Marlow reports that the movement of the guns up the hill prompts a legend that Jim has supernatural powers because the use of ropes and turning devices and manpower could not seem to fully explain the execution of the task. Leaving others to man the guns once they are in place, Jim joins Dain Waris with a storming party waiting in a ravine for the first sign of daylight. The guns smash the fort to the point of allowing the raiding party access, and the result is a complete rout that creates Lord Jim’s legend. His fame becomes the greatest of any person in that region for many miles.

Chapter 28 Summary

The successful ouster of Sherif Ali, who flees after the defeat, leaves Jim in consultation with Dain Waris to appoint headmen and makes Jim a virtual ruler. Meanwhile the Rajah fears he too could be ousted and driven from Patusan, while Doramin fears that Jim will leave like the white men who came before him. Marlow then begins to narrate the story of Jim’s love for a young woman Jim calls Jewel, whose mother died during her unhappy marriage to Cornelius. The mother’s grave, while plain, is always cared for with fresh flowers. As Jim is known to frequently accompany the daughter on her walks, a legend arises that he keeps an enormous jewel on her person for safekeeping.

Chapter 29 Summary

According to Marlow, the girl known as Jewel is a vigilant and protective companion of Jim, as is Jim’s servant Tamb’ Itam. Marlow notices that Cornelius, Jewel’s father, lingers enviously in the vicinity as Jim walks with Jewel.

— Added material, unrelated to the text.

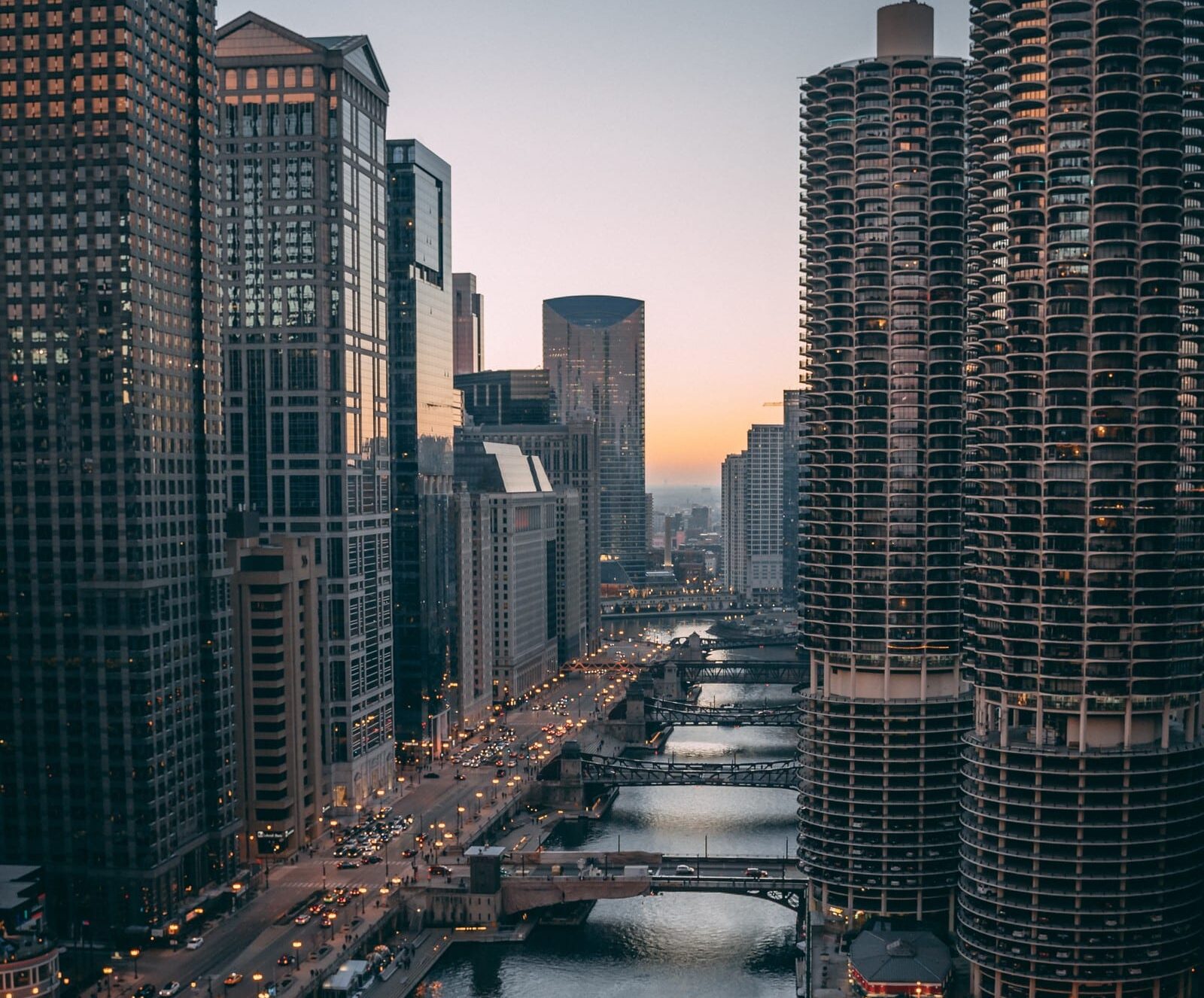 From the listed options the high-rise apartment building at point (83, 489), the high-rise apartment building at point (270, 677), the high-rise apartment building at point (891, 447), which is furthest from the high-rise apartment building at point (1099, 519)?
the high-rise apartment building at point (270, 677)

Marlow then quotes Jim’s narrative describing the time, shortly after his arrival and long before the war with Sherif Ali, when he left Doramin’s place and took up residence with Cornelius in order to begin to look after Stein’s business. According to this narrative, Cornelius first approaches Jim as a possible source for money that he indicates Stein already owes him. Cornelius also indicates that his late wife is the source for many of his problems. Jim first meets Jewel during this time, as she is living unhappily in her father’s house. Jim tells Cornelius eventually that he is forbidden from mentioning his late wife because it makes Jewel cry.

Chapter 30 Summary

According to Marlow’s narration, Jim continues to live with Cornelius to protect Jewel, whom Cornelius often yells at and calls a devil like her mother. She confides to Jim she might have killed Cornelius herself if she had not known that he too was intensely unhappy. When many rumors of death threats for Jim begin to circulate, Cornelius offers to protect him and get him downriver for $80-100. At one point Cornelius sneaks away in the night and returns with an explanation that he had met with a fish peddler, but Jim knows this could not have been the actual explanation for his absence that time of night.

Chapters 21-30 Analysis

Stein’s placement of Jim in Patusan as repayment to an old Scotsman can be seen as an example of whites taking care of their own, whatever the consequences to others. Stein, like Marlow, is an imperial agent playing with people’s fates as if they were chess pieces. Marlow describes Patusan as a new home for Jim, one made necessary by the fact that Jim believes he can never return to his own home and face his father due to his shame. This partially explains Jim’s enthusiasm with taking on the dangerous tasks presented him in the completely different environment of Patusan. It gives Jim at least an illusory home—illusory only, for as Marlow says of home, “to get its joy, to breathe its peace, to face its truth, one must return with a clear conscience” (184). Patusan is a setting for the fulfillment of Jim’s youthful dreams of adventure and heroism—dreams he can only fulfill, after the disgrace of the Patna incident, by going to the very edge of the empire. In Patusan, he hopes to become the romantic hero he has always expected himself to be, thus completing the arc of Idealism, Isolation, and Redemption.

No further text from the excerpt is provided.